[Problem details]
The required answer is an exact copy of the lines from the one containing "Hey friends and" to the end of the listing, both included, without any pictures.

[Data records]
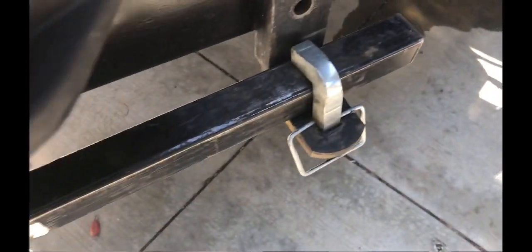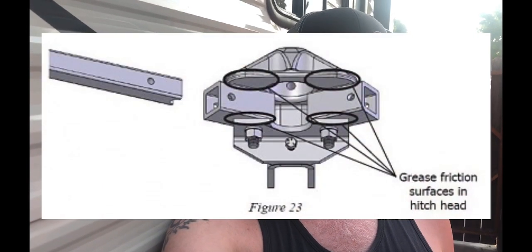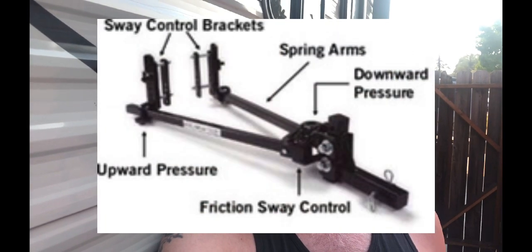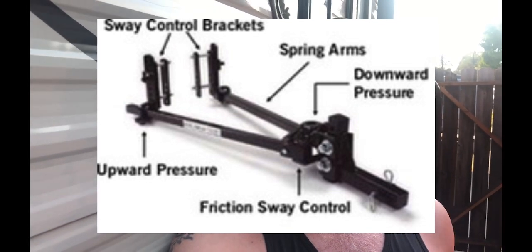Mine is an Equalizer brand weight distribution hitch with four-point sway control, and in the manual it says to grease the head of the hitch, so that's without question — you should definitely grease the head of the hitch. Some guys think you shouldn't because it diminishes the sway control, and I just don't agree with that. The friction it makes is from the downward pressure of the spring bars on the L brackets.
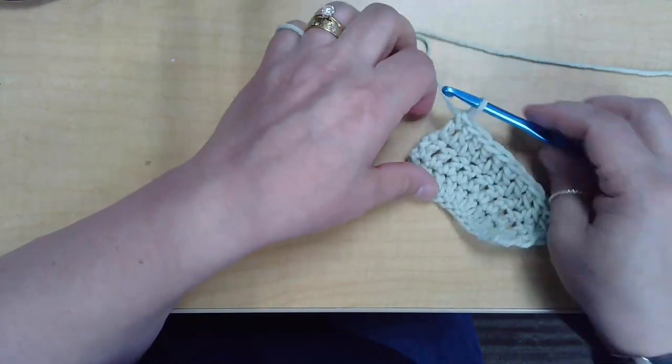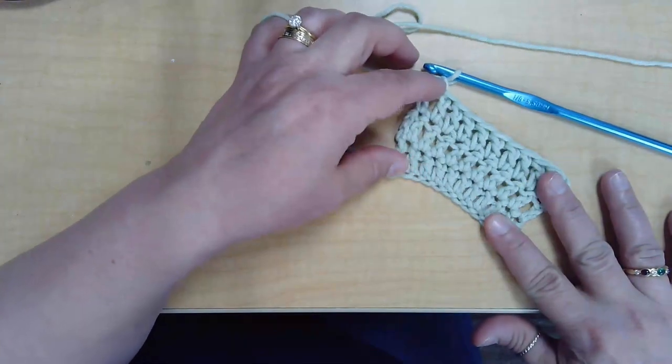And there we go — we have three rows of double crochet.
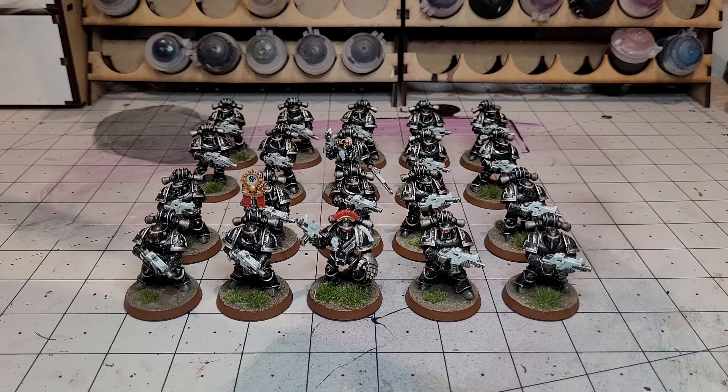How I achieved that: I used the Leadbelcher rattle can from Citadel for the undercoat, then washed them with Nuln Oil, then gave them a drybrush with Iron Hands Steel, which is slightly lighter than Leadbelcher. I then used Black Templars Contrast and just slapped that on. It wasn't too precious whether I got it on the trim or not, because it's quite translucent and acts almost like an extra shade — so there are a few corners you can cut by doing that. And once you've done that, that's basically it; you've got all the colour down that you need.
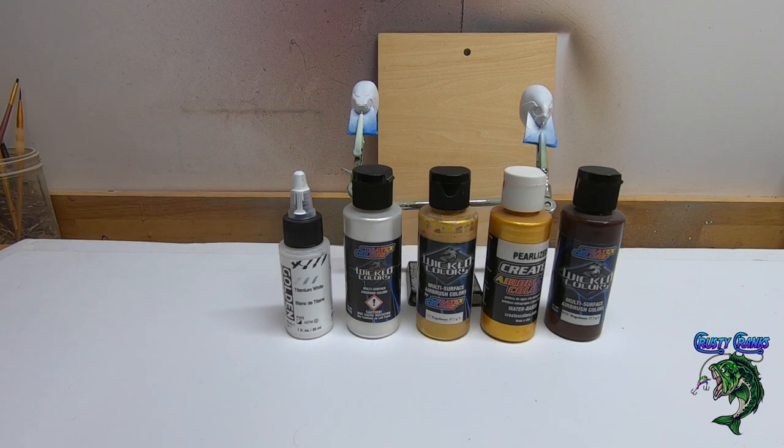Hey friends and welcome back to Krusty Cranks TV where we paint baits and make lures. Today I got one for you — this one's called the Blake Lash.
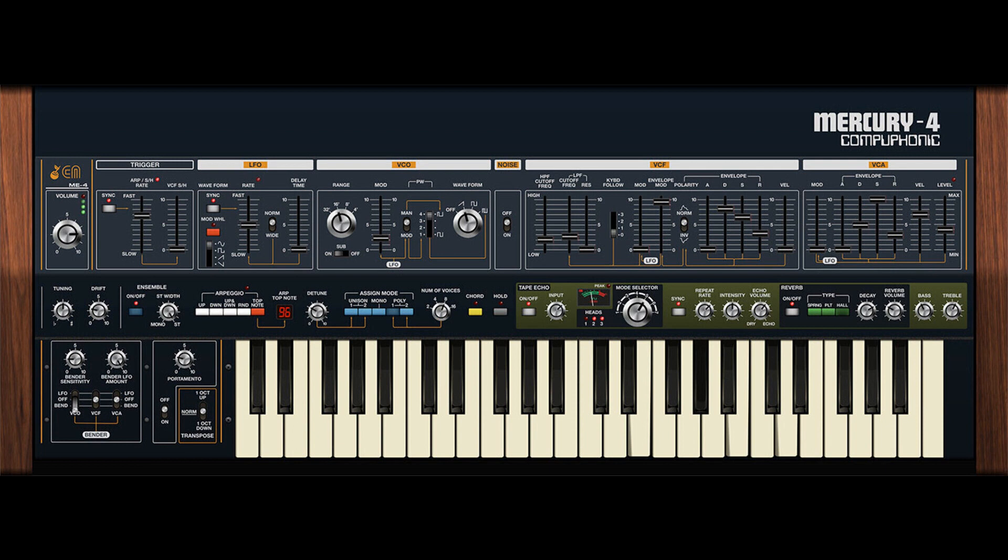The Jupiter 4 rapidly became the go-to polysynth for numerous English and European acts in the 80s, including Duran Duran, Thomas Dolby, The Human League, Simple Minds, and more — and for good reason.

[Output of the task]
Hey friends and welcome back to Krusty Cranks TV where we paint baits and make lures. Today I got one for you — this one's called the Blake Lash.
The Jupiter 4 rapidly became the go-to polysynth for numerous English and European acts in the 80s, including Duran Duran, Thomas Dolby, The Human League, Simple Minds, and more — and for good reason.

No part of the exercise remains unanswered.